[Brief descriptive captions]
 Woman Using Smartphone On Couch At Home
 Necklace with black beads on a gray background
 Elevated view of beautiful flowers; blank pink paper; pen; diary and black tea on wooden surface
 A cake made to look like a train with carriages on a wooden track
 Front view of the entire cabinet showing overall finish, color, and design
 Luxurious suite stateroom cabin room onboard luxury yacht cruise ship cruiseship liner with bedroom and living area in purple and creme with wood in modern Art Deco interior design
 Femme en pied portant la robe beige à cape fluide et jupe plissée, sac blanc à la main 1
* * *
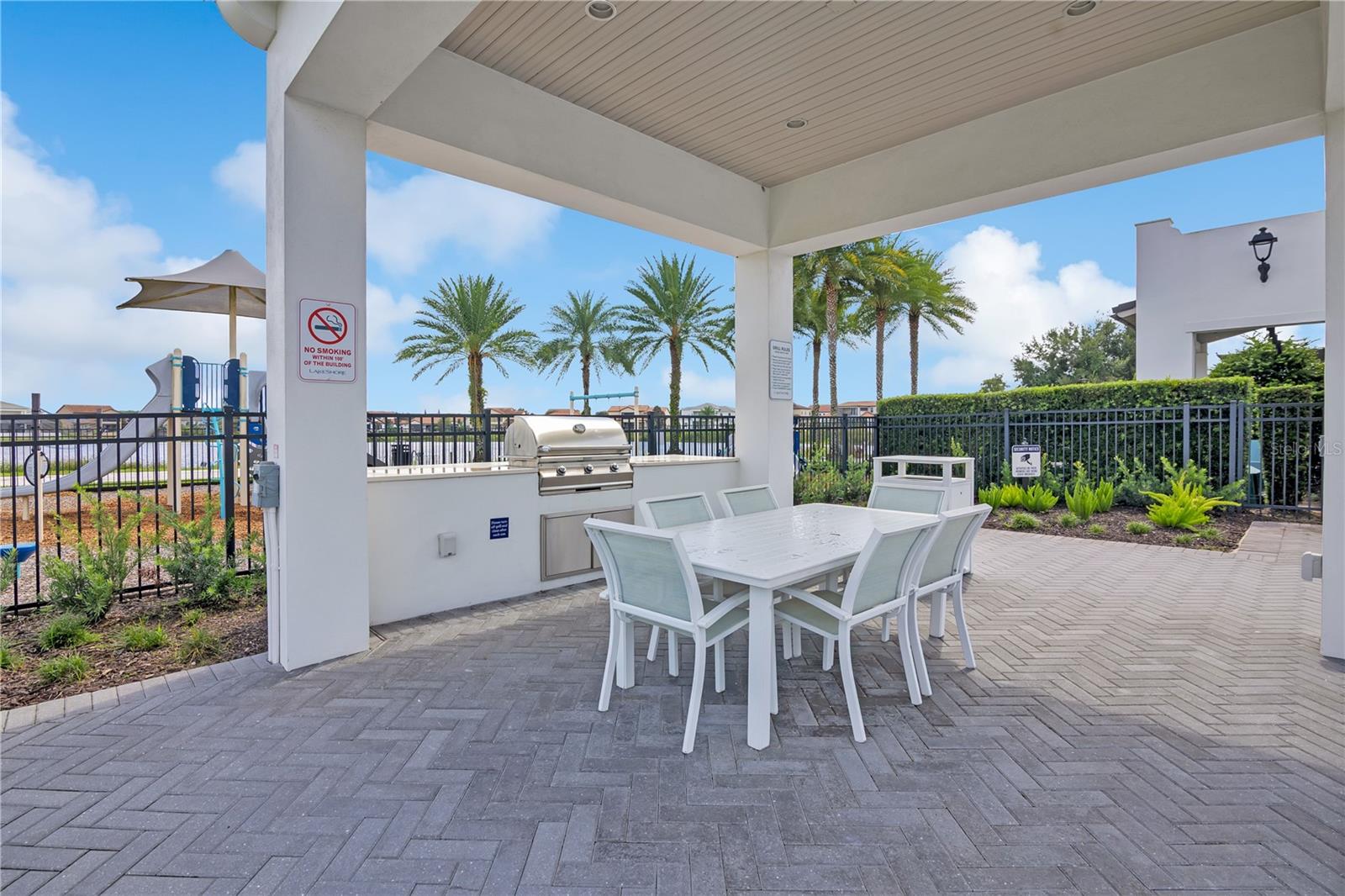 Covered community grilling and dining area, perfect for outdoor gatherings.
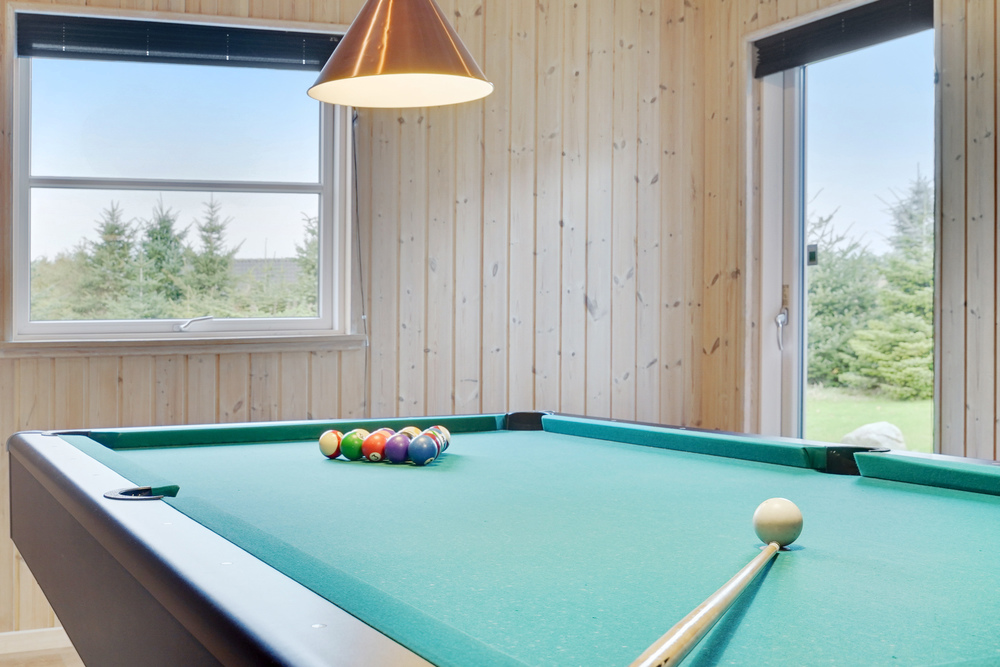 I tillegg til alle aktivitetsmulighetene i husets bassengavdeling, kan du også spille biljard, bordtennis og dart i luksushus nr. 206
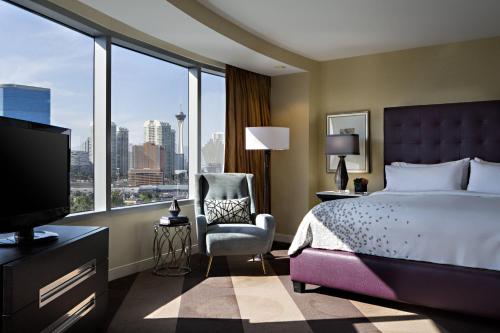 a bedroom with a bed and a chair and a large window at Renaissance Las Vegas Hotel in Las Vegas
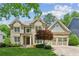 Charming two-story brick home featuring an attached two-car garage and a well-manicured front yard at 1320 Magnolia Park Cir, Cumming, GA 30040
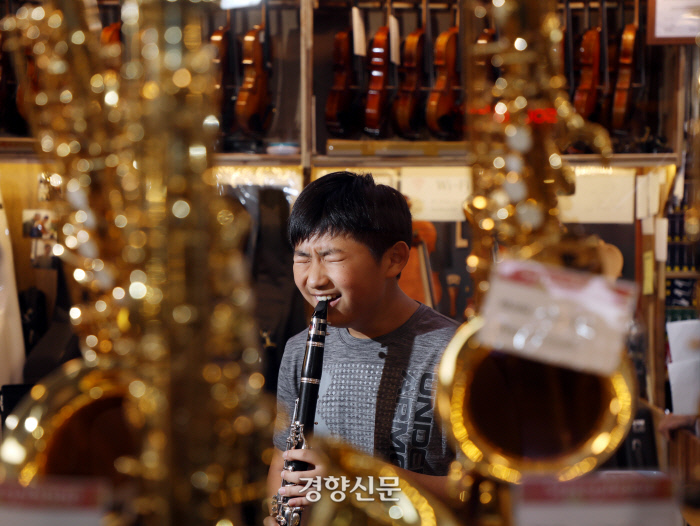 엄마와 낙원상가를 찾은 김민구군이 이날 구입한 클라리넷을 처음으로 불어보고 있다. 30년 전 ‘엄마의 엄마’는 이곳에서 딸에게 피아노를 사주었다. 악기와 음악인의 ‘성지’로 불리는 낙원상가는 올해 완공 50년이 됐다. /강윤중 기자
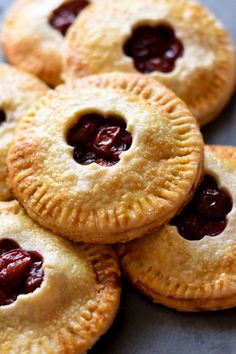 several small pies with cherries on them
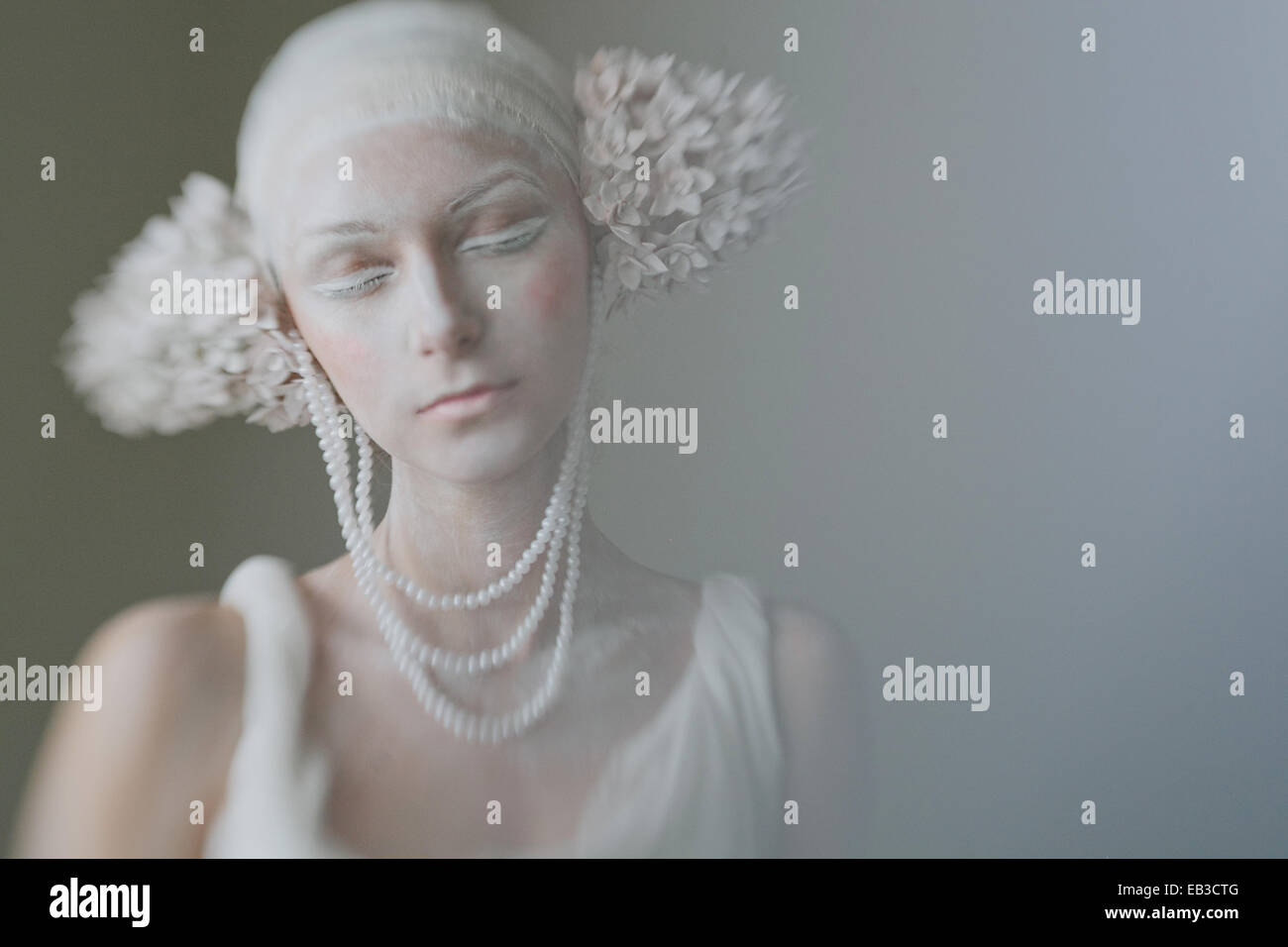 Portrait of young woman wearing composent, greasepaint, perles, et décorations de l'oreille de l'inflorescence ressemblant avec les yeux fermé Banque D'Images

** Exercise directions **
The required answer is the run of lines above, starting at the line with "Woman Using Smartphone On Couch At Home" and ending at the line with "Femme en pied", reproduced exactly with both ends.

** Exercise result **
 Woman Using Smartphone On Couch At Home
 Necklace with black beads on a gray background
 Elevated view of beautiful flowers; blank pink paper; pen; diary and black tea on wooden surface
 A cake made to look like a train with carriages on a wooden track
 Front view of the entire cabinet showing overall finish, color, and design
 Luxurious suite stateroom cabin room onboard luxury yacht cruise ship cruiseship liner with bedroom and living area in purple and creme with wood in modern Art Deco interior design
 Femme en pied portant la robe beige à cape fluide et jupe plissée, sac blanc à la main 1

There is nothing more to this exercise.